PURPOSE:To obtain a cathode having high durability and low hydrogen overvoltage by adhering particles of a specified hydrogen occluding alloy to the surface of an electrode as the cathode for electrolyzing an aq. alkali halide soln. so that the particles are exposed. CONSTITUTION:When an aq. soln. of an alkali halide such as NaCl is electrolyzed in an electrolytic cell to produce NaOH and gaseous H2 on the cathode and gaseous Cl on the anode, the cathode is obtd. by electroplating the surface of an electrode core 1 in an Ni plating bath contg. dispersed particles of a hydrogen occluding alloy represented by formula I (where 0.3<=n<=4) so as to form an Ni plating layer 2 contg. exposed particles 3 of the hydrogen occluding alloy. The exposed particles 3 may be adhered to the surface of the core 1 by baking or melt coating. By the presence of the particles 3, the cathode has superior durability and low hydrogen overvoltage at the time of electrolysis of the aq. NaCl soln.

Description

DETAILED DESCRIPTION OF THE INVENTION (Field of Industrial Application) The present invention relates to a highly durable low hydrogen overvoltage cathode, and particularly to a low hydrogen overvoltage cathode whose characteristics are extremely minimally deteriorated even in an oxidizing environment, and a method for producing the same.

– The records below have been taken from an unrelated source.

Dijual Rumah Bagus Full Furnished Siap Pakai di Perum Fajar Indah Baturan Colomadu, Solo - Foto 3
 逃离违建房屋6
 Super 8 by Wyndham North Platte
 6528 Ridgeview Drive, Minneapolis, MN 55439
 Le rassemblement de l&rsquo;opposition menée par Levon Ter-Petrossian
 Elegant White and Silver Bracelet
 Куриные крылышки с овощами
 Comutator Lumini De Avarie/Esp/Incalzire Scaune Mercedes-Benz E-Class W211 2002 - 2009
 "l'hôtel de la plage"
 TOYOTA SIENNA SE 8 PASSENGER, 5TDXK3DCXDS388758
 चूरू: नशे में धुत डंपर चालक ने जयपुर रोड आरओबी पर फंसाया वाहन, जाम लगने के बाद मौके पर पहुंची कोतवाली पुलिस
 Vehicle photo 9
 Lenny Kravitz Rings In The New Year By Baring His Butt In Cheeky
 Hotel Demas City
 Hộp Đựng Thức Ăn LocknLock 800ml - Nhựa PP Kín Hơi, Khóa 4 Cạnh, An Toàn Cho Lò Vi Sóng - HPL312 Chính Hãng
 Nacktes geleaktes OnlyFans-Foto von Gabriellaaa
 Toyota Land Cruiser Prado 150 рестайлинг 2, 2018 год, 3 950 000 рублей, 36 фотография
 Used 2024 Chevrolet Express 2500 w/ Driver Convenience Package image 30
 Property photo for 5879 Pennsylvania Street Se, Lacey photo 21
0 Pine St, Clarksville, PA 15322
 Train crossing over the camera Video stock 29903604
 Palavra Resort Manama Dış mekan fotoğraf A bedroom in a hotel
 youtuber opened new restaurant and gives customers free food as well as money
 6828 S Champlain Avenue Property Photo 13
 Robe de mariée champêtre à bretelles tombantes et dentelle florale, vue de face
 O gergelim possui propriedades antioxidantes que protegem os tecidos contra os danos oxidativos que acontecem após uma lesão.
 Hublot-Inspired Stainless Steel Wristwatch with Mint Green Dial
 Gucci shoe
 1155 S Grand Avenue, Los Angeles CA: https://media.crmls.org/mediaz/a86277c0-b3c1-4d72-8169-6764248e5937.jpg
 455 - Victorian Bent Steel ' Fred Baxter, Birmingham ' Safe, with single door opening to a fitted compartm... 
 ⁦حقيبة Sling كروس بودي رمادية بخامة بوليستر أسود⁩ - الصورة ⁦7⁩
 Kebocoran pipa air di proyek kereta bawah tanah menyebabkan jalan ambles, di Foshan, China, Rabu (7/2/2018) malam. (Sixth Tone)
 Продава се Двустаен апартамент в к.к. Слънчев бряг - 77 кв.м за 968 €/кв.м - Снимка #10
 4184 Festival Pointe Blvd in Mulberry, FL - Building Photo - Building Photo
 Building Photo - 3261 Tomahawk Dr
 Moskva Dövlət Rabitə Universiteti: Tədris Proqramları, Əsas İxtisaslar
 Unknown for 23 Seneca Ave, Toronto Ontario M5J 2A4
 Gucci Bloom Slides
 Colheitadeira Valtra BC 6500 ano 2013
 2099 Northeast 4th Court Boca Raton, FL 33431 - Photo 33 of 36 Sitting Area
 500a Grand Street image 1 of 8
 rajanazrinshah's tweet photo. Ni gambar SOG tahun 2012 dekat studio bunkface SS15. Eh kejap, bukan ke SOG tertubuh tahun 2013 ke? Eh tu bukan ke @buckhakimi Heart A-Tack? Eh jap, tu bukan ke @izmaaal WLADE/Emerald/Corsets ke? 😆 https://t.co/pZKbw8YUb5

(Prior Art) Various types of low hydrogen overvoltage cathodes have been proposed, particularly as cathodes for aqueous halogenated alkali solution electrolysis. Among these, Japanese Patent Application Laid-Open No. 1127-1987, which the present applicant has already proposed,
Although the electrode disclosed in Publication No. 85 has greater effects in terms of lower hydrogen overvoltage and durability than previously known electrodes, the present inventors have conducted further studies. As a result, we discovered that some of the electrodes disclosed in the above publications do not always have sufficient durability, and as a result of our earnest efforts to solve this problem, we have arrived at the present invention.

Producing halogen gas from the anode chamber and caustic alkali aqueous solution and hydrogen gas from the cathode chamber by electrolysis in an alkali halide aqueous solution electrolytic tank is already a well-known industrial method for producing chlorine and caustic alkali. . As the cathode of this electrolytic cell, the above-mentioned cathode with a low hydrogen overvoltage is preferably used, but the electrolytic cell may be stopped for various reasons during operation, and in this case, when the operation is resumed, the hydrogen overvoltage is low. was observed to increase. The present inventors investigated this phenomenon in depth, and found that when the electrolytic cell is stopped by short-circuiting the anode and cathode with a bus bar, the cathode is oxidized by the reverse current generated during the short circuit, and nickel and In the case of a cathode containing cobalt as an active ingredient, it was found that the electrode activity decreased due to the deterioration of cobalt into hydroxides, and the electrode activity did not return to its original active state even after restarting operation (i.e., the hydrogen overvoltage increased). .

In addition, even in the stopping method of stopping current supply without shorting the anode and cathode, if the cathode is immersed in high-temperature, high-concentration N,011 for a long time, if the cathode active component is nickel or cobalt, it will corrode. It was discovered that the electrode activity decreases when exposed to electric potential (this reaction is also a type of electrochemical oxidation reaction) and changes into hydroxide.

(Problems to be Solved by the Invention) The present invention provides an electrode whose electrode activity does not decrease even under the above conditions of use, and a method for manufacturing the same.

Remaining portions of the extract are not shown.